Google, it’s long been said, has an economic interest in making the web better because more time spent online means more ads clicked. The company reminded Analytics users today that they too have an interest in speed, saying that page load speed impacts not just their own site conversion rates but also their AdSense offerings and standing in Google search results. It’s not just browbeating, though: the new tool will allow site owners to try out different methods of optimization and track the resulting consequences in terms of load time.
Web analytics expert Alastair Croll posted an in-depth discussion of the impact that slow pages have on sites in September 2009, arguing that the following occur as pages slow down:
- Fewer search queries per user
- Less query refinement
- Less revenue per visitor
- Fewer clicks, and lower satisfaction
- A longer time for visitors to click something
- Fewer searches per day
- Lower search engine rankings
Sean Power, Croll’s associate and co-author of the O’Reilly book “Complete Web Monitoring,” said to us today about the new Google Analytics Site Speed report:
“Google now provides even more intelligence to allow site operators to better understand conversions. This is a great thing – it helps legitimize the movement behind web performance optimization which has been growing for almost 10 years now. With more and more metrics to track, businesses will need to practice restraint. It’s so easy to aimlessly look at ‘metrics’; concentrating on using data to solve real business problems is all that really matters.”

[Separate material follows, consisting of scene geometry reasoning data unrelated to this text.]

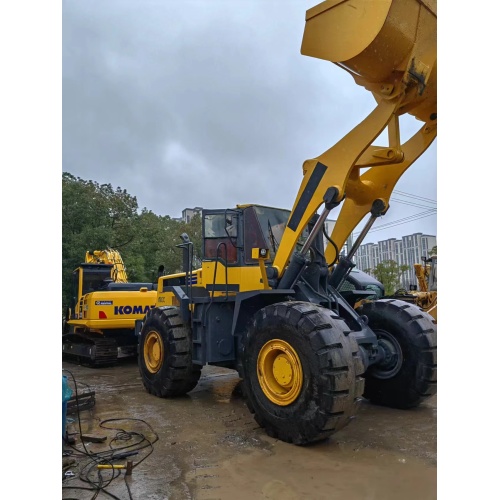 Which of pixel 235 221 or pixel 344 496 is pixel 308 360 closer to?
pixel 344 496

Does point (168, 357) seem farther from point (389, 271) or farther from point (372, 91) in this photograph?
point (389, 271)

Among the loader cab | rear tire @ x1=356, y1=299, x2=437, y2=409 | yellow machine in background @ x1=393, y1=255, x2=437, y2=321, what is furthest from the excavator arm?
yellow machine in background @ x1=393, y1=255, x2=437, y2=321

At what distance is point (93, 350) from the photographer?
9836 millimetres

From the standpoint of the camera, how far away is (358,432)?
495 centimetres

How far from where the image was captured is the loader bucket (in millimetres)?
4227

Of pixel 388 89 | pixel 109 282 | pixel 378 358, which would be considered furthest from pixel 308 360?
pixel 109 282

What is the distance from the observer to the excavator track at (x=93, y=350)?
9.87m

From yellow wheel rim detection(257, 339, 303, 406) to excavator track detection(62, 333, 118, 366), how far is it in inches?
233

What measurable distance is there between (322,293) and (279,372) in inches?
53.9

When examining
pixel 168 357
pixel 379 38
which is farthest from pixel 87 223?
pixel 379 38

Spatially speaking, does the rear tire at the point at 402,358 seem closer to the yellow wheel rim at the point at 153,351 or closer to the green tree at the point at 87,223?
the yellow wheel rim at the point at 153,351

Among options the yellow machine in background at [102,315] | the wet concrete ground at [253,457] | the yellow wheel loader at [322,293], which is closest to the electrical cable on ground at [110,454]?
the wet concrete ground at [253,457]

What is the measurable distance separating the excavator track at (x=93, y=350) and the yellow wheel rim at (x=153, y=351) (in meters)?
3.16

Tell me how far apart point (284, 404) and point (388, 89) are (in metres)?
3.27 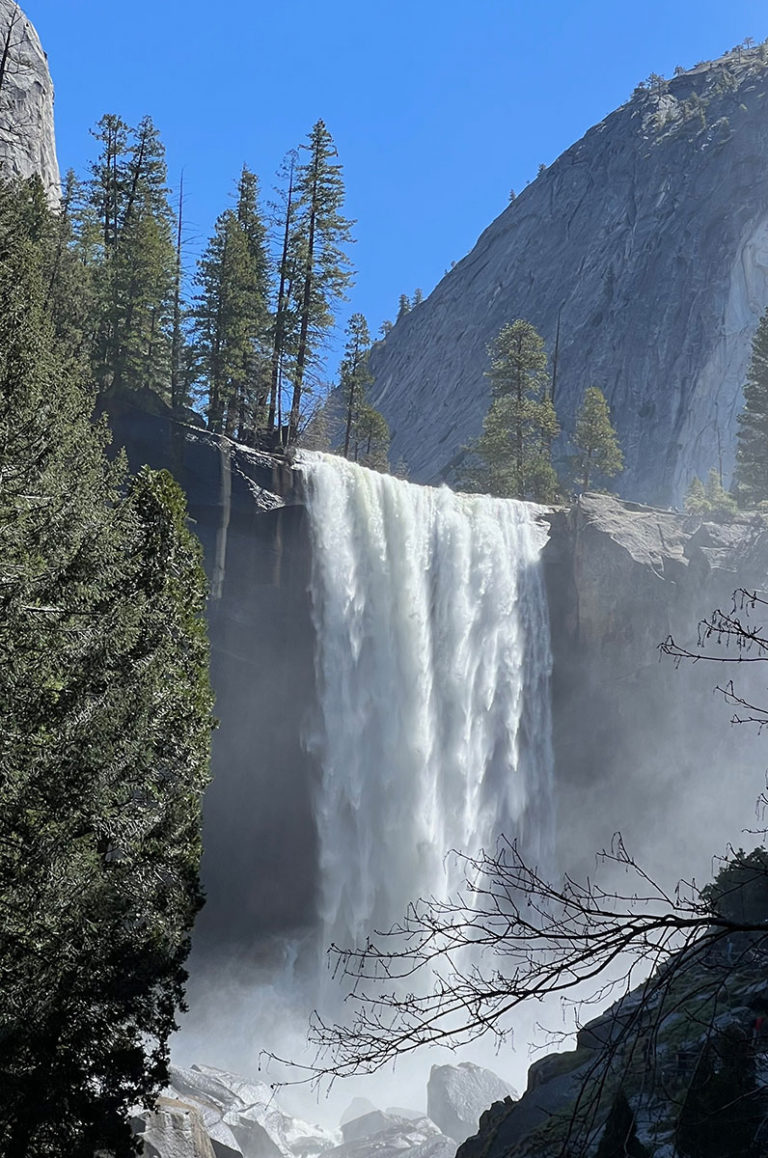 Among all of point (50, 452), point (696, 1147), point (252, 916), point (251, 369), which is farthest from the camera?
point (251, 369)

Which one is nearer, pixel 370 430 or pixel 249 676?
pixel 249 676

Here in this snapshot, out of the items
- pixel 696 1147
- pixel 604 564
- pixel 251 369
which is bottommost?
pixel 696 1147

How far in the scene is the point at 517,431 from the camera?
156 ft

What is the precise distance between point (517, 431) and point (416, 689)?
59.2 ft

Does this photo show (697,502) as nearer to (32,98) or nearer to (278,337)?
(278,337)

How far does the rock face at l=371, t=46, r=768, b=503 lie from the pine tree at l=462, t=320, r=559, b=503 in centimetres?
2432

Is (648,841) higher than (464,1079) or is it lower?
higher

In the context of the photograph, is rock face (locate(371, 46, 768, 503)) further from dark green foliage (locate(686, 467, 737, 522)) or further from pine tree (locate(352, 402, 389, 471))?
dark green foliage (locate(686, 467, 737, 522))

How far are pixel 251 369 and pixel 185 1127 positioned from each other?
2892 cm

As the scope of Google Analytics expands, it grows more intelligent about the nature of the web and thus more capable of offering its users more and better information.

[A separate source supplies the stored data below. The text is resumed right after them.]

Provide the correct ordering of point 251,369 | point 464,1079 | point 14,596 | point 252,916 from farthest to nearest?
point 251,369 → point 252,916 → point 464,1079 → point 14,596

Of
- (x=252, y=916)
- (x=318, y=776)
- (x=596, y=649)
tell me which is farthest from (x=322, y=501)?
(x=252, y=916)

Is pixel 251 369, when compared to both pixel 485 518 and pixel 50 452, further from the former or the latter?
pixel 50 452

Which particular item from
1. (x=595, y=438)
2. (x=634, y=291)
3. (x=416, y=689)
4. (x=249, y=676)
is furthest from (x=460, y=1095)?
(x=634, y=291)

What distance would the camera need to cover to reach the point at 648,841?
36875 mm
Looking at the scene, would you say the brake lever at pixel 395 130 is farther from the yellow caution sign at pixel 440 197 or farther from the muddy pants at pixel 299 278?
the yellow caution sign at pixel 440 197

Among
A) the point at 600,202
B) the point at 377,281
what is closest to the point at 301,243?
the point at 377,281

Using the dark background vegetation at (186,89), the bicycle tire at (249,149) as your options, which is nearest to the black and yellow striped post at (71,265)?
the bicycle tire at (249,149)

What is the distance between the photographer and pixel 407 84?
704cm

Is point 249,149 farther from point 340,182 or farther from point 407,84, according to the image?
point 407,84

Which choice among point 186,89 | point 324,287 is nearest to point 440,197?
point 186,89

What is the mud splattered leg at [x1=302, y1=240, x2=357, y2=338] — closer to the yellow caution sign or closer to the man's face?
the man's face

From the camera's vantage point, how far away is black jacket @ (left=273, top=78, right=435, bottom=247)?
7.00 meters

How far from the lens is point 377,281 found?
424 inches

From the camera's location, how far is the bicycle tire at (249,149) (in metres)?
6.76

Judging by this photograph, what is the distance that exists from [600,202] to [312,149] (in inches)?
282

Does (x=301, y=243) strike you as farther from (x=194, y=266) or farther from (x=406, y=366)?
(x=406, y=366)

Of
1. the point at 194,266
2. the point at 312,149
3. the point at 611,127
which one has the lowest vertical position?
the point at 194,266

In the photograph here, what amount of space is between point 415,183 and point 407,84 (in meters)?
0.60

Optimization specialist Robert Kingston, however, wrote yesterday about the new feature and argued that it uses a pageview sample rate low enough that it’s unlikely to surface meaningful insights to owners of small sites. That setting appears unchangeable at present, but it’s hard to imagine Google letting a long tail of data go underutilized.
Google Analytics is of course wildly popular all over the web; software research firm BuiltWith has identified more than 12 million sites on the web that use the service. No other analytics service tracked by the firm has been found on as many as 1 million sites.
Services in the business of page load optimization include Strange Loop Networks, Aptimize, Crescendo Networks and many more.